EXERCISE AIM: The entries must be repeated verbatim, and their images left out.

RECORDS SUPPLIED:
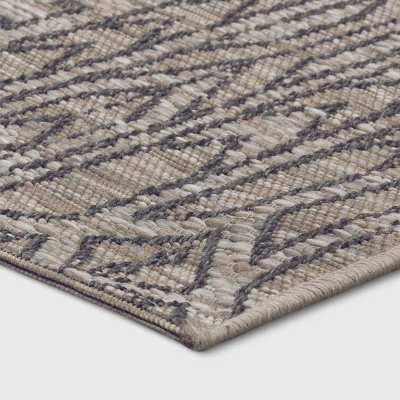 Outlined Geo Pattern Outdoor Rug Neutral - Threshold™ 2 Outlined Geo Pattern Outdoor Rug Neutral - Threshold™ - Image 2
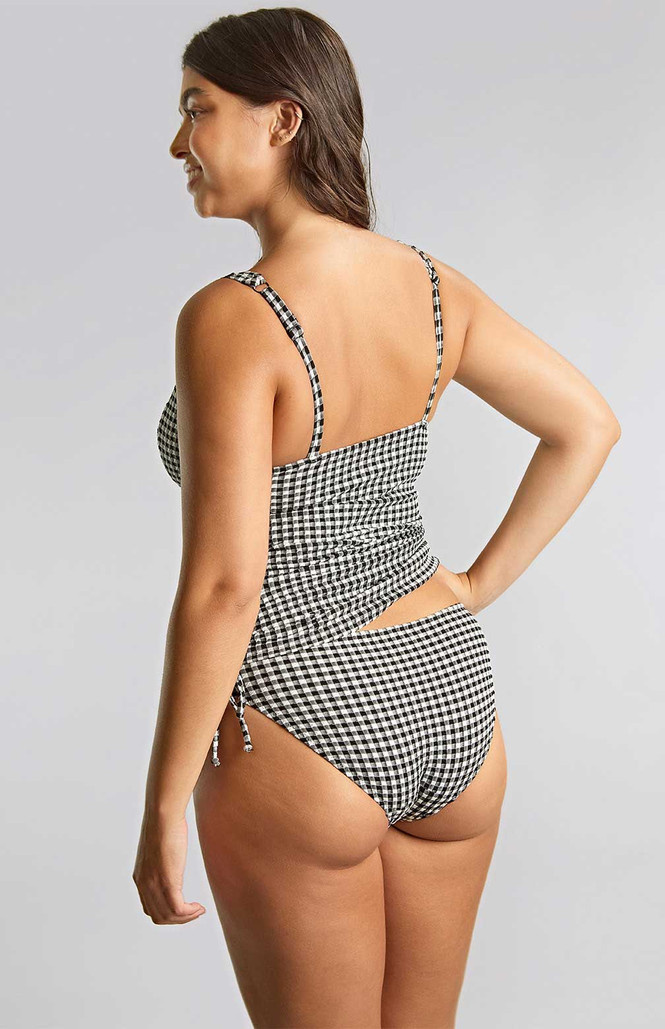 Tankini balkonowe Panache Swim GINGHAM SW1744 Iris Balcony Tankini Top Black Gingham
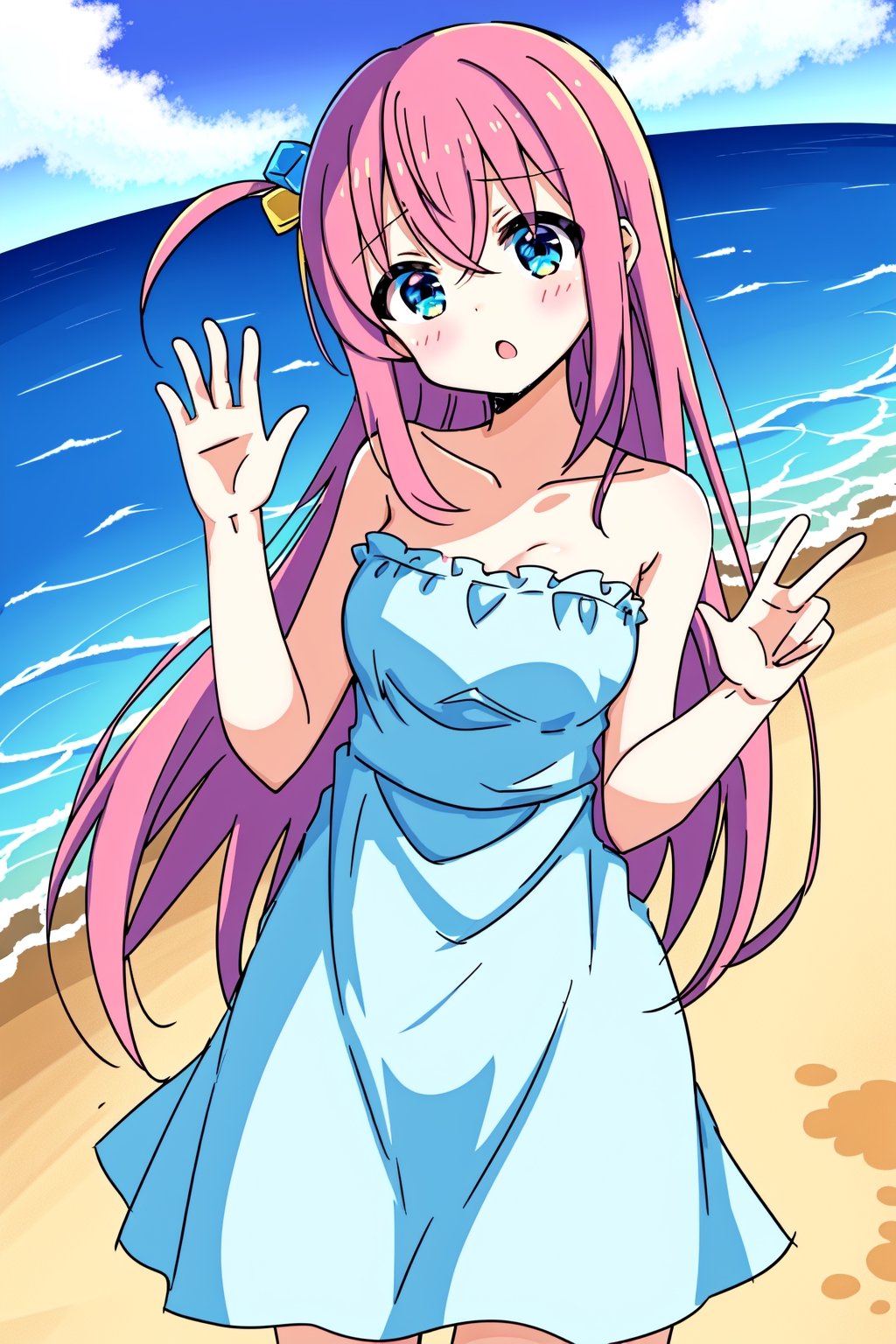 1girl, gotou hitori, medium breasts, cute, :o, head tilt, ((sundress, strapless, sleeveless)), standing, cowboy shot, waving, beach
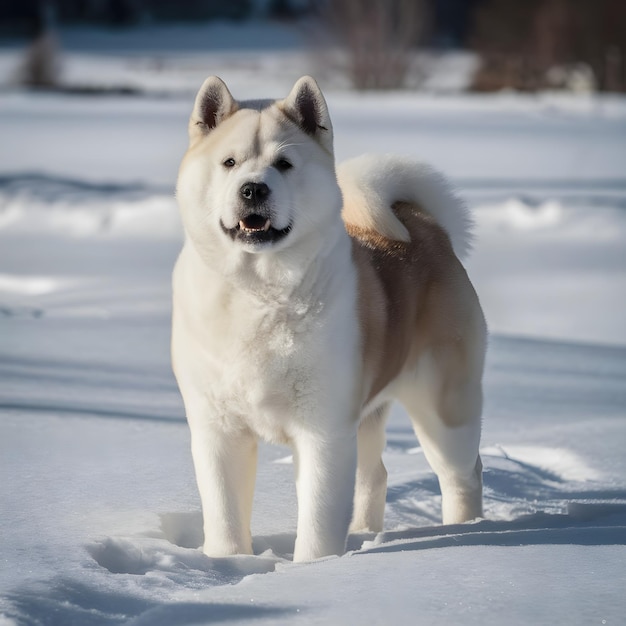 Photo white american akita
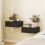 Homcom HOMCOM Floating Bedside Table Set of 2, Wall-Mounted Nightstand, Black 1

SOLUTION:
 Outlined Geo Pattern Outdoor Rug Neutral - Threshold™ 2 Outlined Geo Pattern Outdoor Rug Neutral - Threshold™ - Image 2
 Tankini balkonowe Panache Swim GINGHAM SW1744 Iris Balcony Tankini Top Black Gingham
 1girl, gotou hitori, medium breasts, cute, :o, head tilt, ((sundress, strapless, sleeveless)), standing, cowboy shot, waving, beach
 Photo white american akita
 Homcom HOMCOM Floating Bedside Table Set of 2, Wall-Mounted Nightstand, Black 1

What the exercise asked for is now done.